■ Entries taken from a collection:

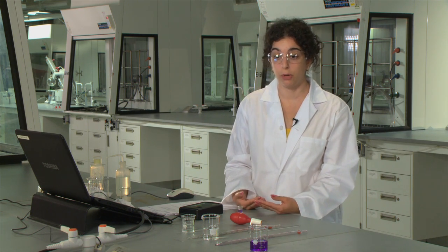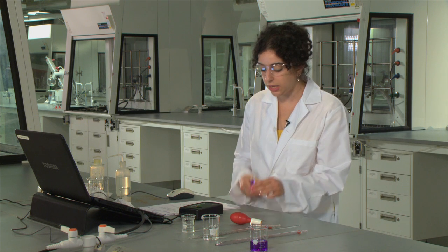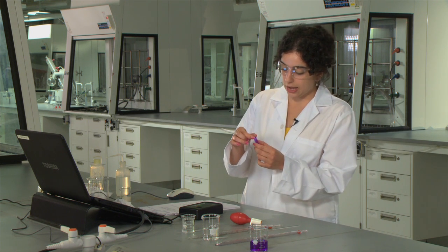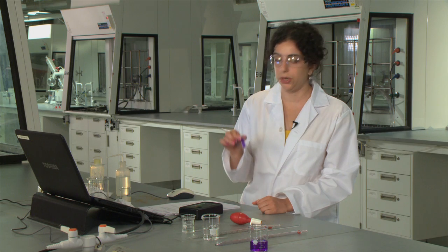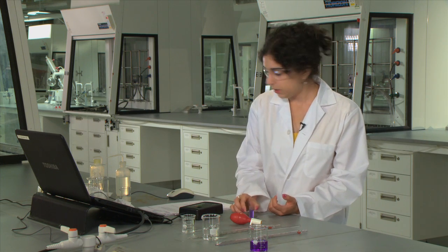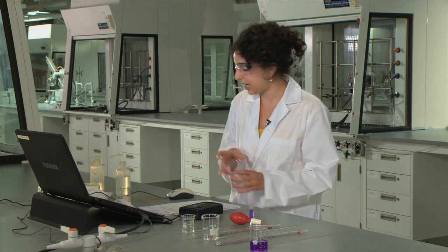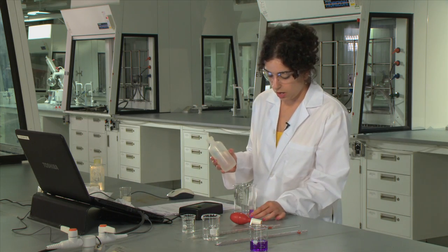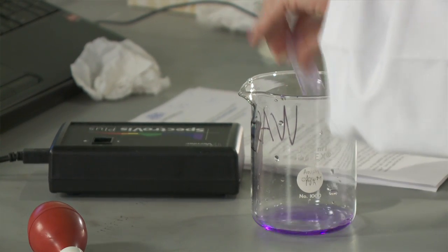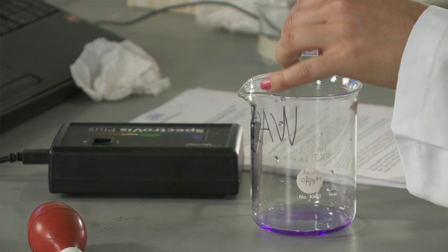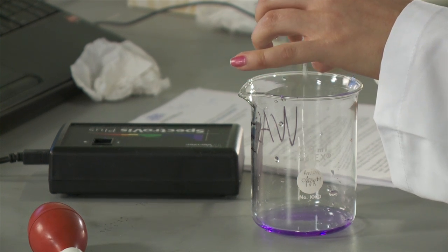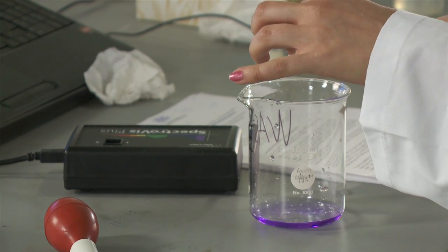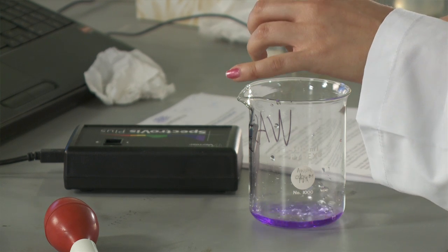Now we have to prepare our sample. Now since we just ran a spectra of crystal violet, we're going to need to rinse out the cell. So to do this, just take your wash bottle, dump your solution out in a waste beaker, and rinse out the cell with water.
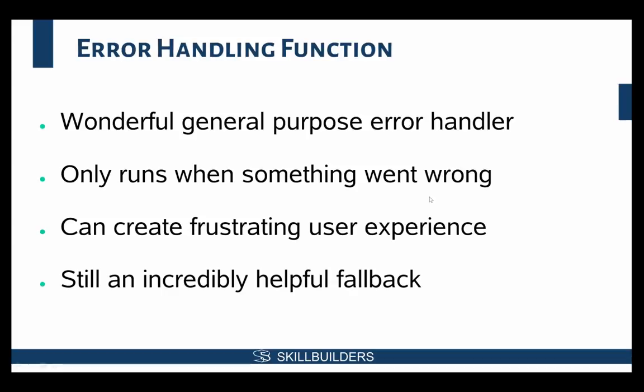Now, that being said, that doesn't mean that we should avoid using the error handling function. The error handling function is great and it should be used, and the easiest way to leverage it is to do the constraint lookup. The example for the error handling function that you'll find in the documentation does this, so this is all stuff that's very easily obtainable from online.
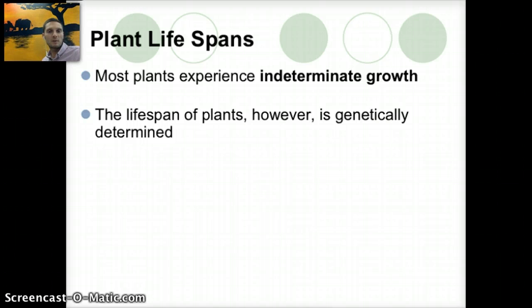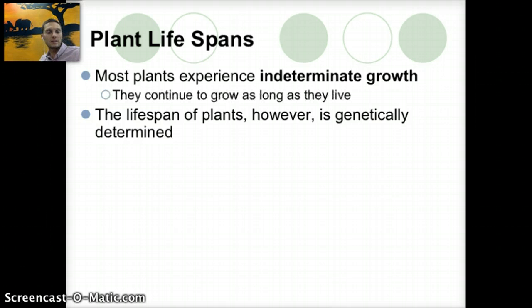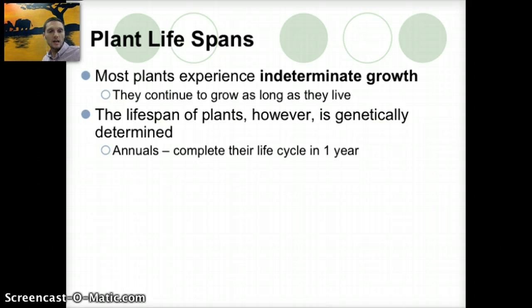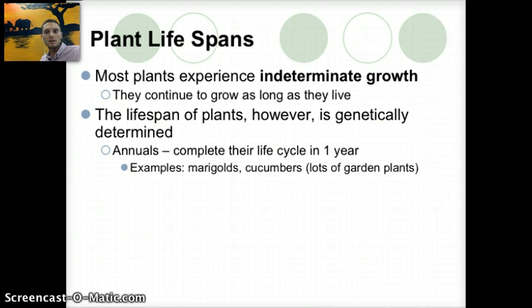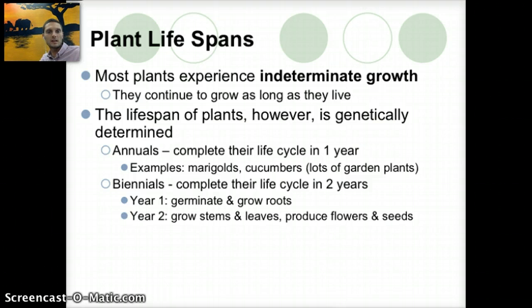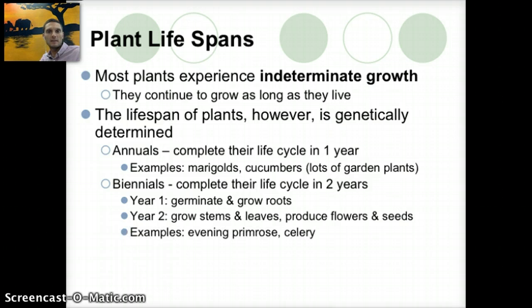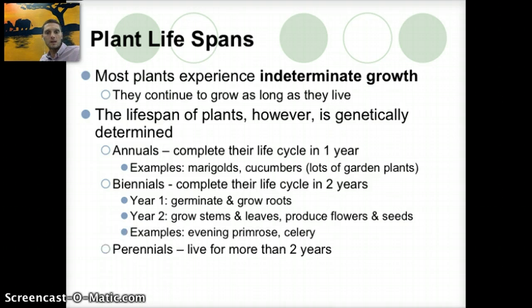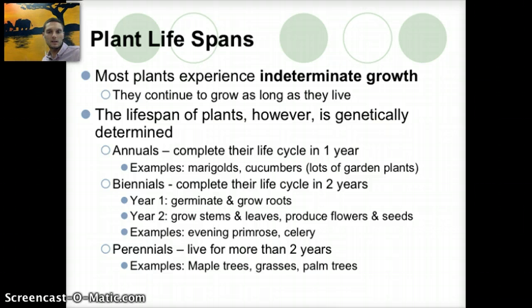Plants mostly experience something called indeterminate growth, and the lifespan of a plant is genetically determined. Annuals complete their life cycle in a single year — examples include marigolds and cucumbers. Biennials complete their life cycle in two years: in the first year they germinate and grow roots, and in the second year they grow stems, leaves, and produce flowers and seeds, like primrose and celery. Perennials live for more than two years, and include maple trees, palm trees, and various grasses.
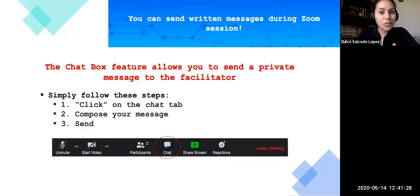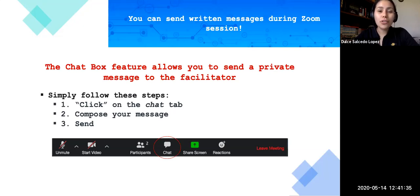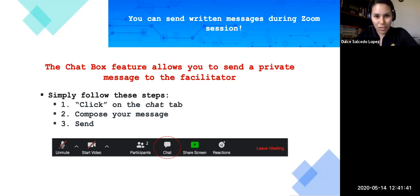If during your Zoom session you're having trouble hearing others and talking to them, and also if you're unable to join phone audio, the good news is you have a chat box and you can send written messages during your Zoom session.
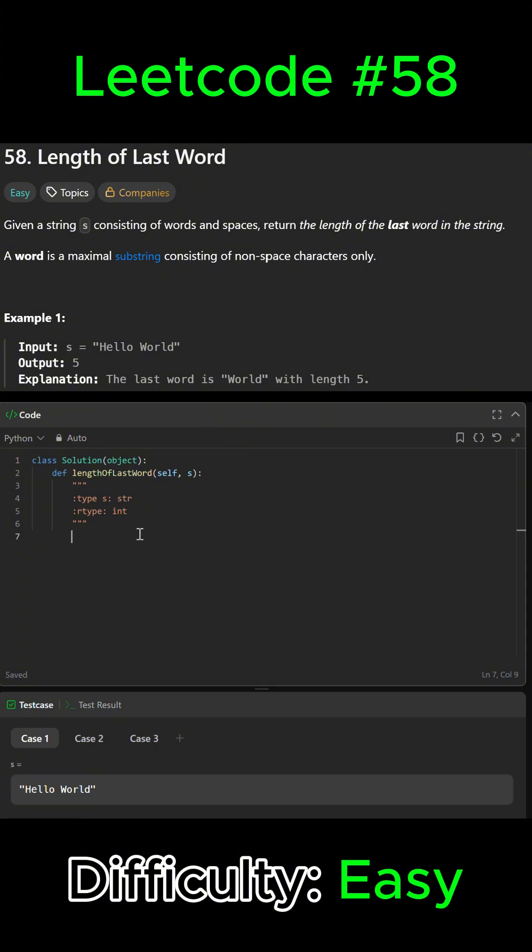Let's go ahead and get started. We're going to start by setting i equal to the length of the string minus one, which is just going to be the end of the string.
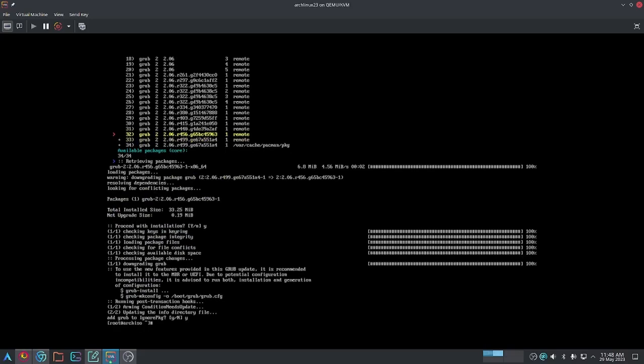After this, all you're going to want to do is run your typical grub-install and grub-mkconfig commands to properly install this downgraded package of Grub. That should solve your grub issue. Or alternatively, if you forgot to install a terminal, this is how you install your terminal.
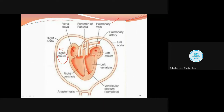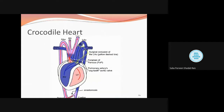Blood comes into the ventricles from the auriculo-ventricular apertures. Now, the left aortic arch is coming from the right side of the ventricle — this is important to remember. The left aortic arch comes from the right ventricle. Blood flow details will be discussed when we talk about the working of the heart. For now, there is one accessory arch known as the foramen of Panizza.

■ Directions: Print the entries as they stand, first line through the line holding "Now, that being", with every picture removed.

■ Answer for the task:
Now we have to prepare our sample. Now since we just ran a spectra of crystal violet, we're going to need to rinse out the cell. So to do this, just take your wash bottle, dump your solution out in a waste beaker, and rinse out the cell with water.
Now, that being said, that doesn't mean that we should avoid using the error handling function. The error handling function is great and it should be used, and the easiest way to leverage it is to do the constraint lookup. The example for the error handling function that you'll find in the documentation does this, so this is all stuff that's very easily obtainable from online.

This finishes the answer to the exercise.